== Given data ==
◇ ◇ ◇ ◇ ◇ ◇ ◇
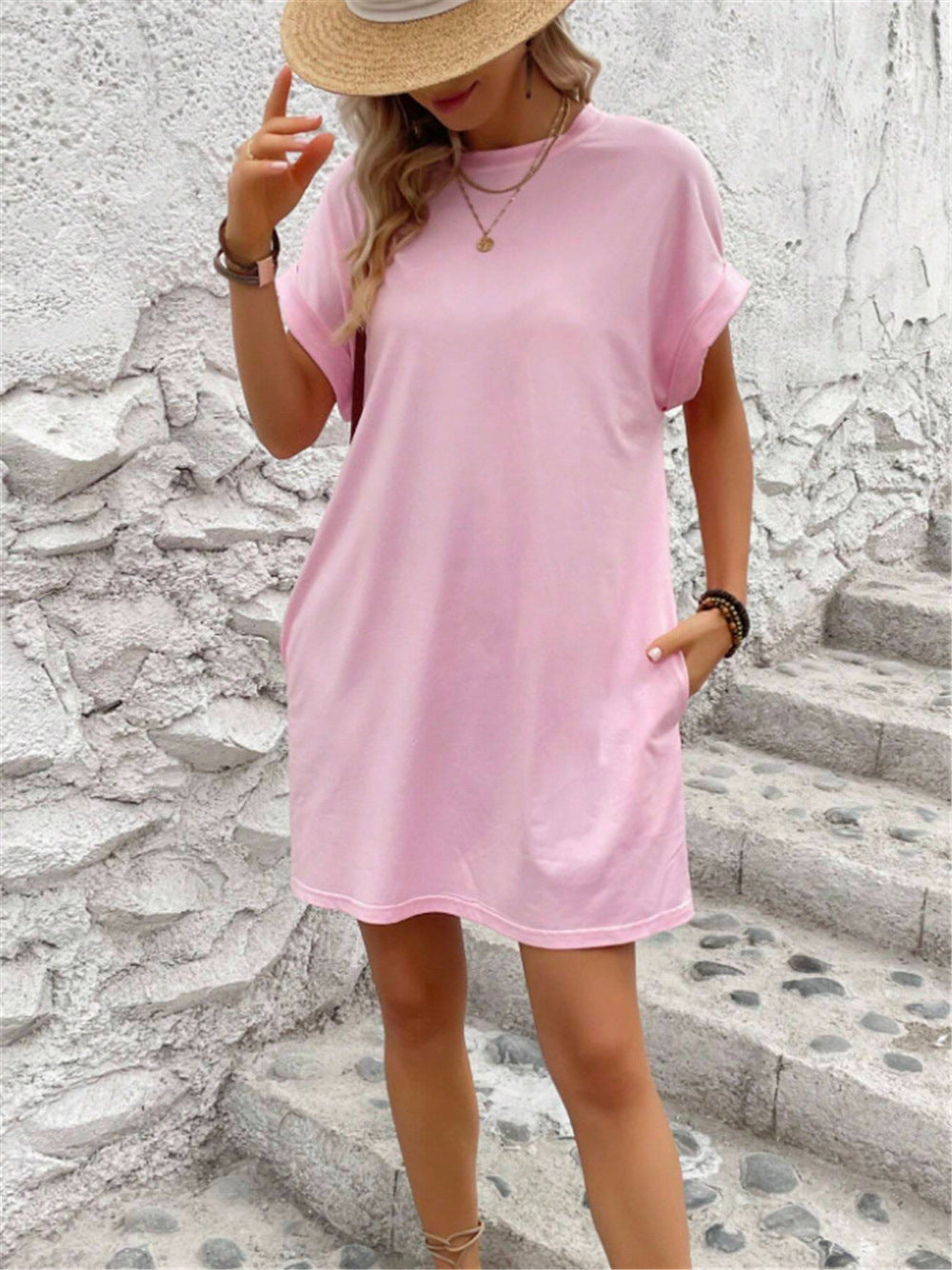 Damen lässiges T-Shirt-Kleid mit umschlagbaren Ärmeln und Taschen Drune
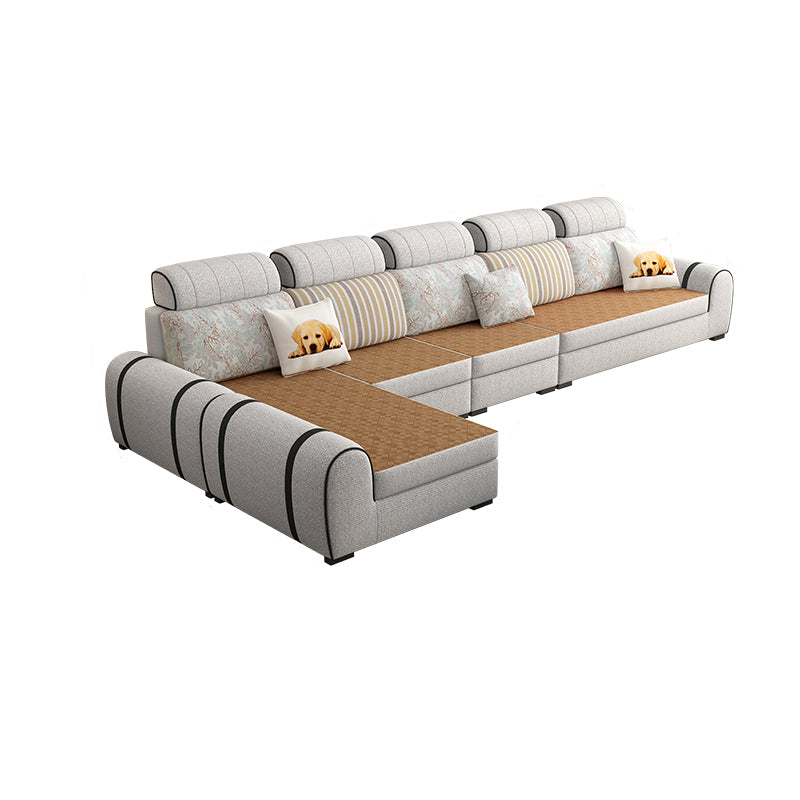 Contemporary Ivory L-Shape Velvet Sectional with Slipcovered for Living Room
◇ ◇ ◇ ◇ ◇ ◇ ◇
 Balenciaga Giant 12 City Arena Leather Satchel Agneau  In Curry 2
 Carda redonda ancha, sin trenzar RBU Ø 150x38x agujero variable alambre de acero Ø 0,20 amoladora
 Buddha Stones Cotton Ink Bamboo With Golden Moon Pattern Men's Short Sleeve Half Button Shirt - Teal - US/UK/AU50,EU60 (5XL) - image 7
◇ ◇ ◇ ◇ ◇ ◇ ◇
== The problem ==
Print exactly the lines above that run from the one with "Damen lässiges T-Shirt-Kleid" to the one with "Contemporary Ivory L-Shape", both included. No pictures.

== Exercise output ==
 Damen lässiges T-Shirt-Kleid mit umschlagbaren Ärmeln und Taschen Drune
 Contemporary Ivory L-Shape Velvet Sectional with Slipcovered for Living Room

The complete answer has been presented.